*** Opening AVAILABLE RECORDS ***

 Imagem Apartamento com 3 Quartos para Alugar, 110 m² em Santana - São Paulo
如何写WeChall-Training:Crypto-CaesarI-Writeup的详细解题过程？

*** Closing AVAILABLE RECORDS ***
*** Opening AVAILABLE RECORDS ***

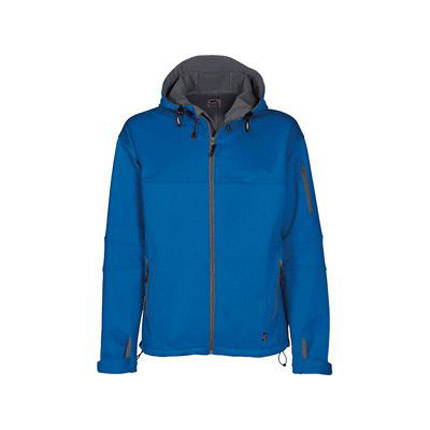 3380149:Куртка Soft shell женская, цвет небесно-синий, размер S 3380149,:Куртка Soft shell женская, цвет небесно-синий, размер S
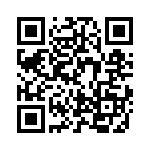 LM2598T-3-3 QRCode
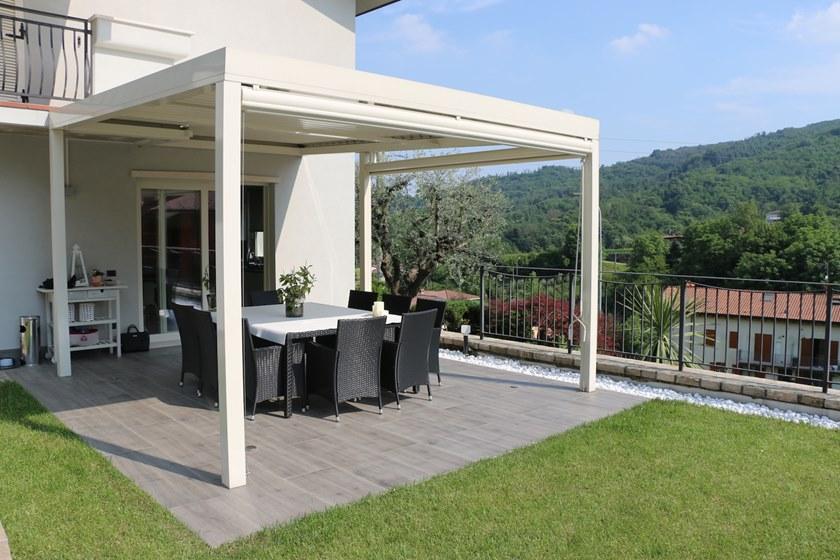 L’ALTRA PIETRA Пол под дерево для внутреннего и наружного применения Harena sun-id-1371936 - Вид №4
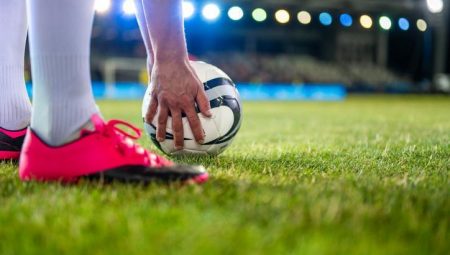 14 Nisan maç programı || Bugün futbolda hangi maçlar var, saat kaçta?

*** Closing AVAILABLE RECORDS ***
*** Opening AVAILABLE RECORDS ***

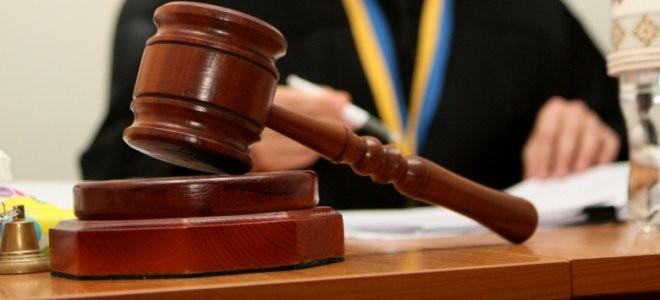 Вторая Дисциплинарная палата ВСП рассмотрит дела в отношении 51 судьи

*** Closing AVAILABLE RECORDS ***

In the listing above, find the line with "Imagem Apartamento com" and the line with "如何写WeChall-Tra". Output those two lines and every line between them, exactly as written.

 Imagem Apartamento com 3 Quartos para Alugar, 110 m² em Santana - São Paulo
如何写WeChall-Training:Crypto-CaesarI-Writeup的详细解题过程？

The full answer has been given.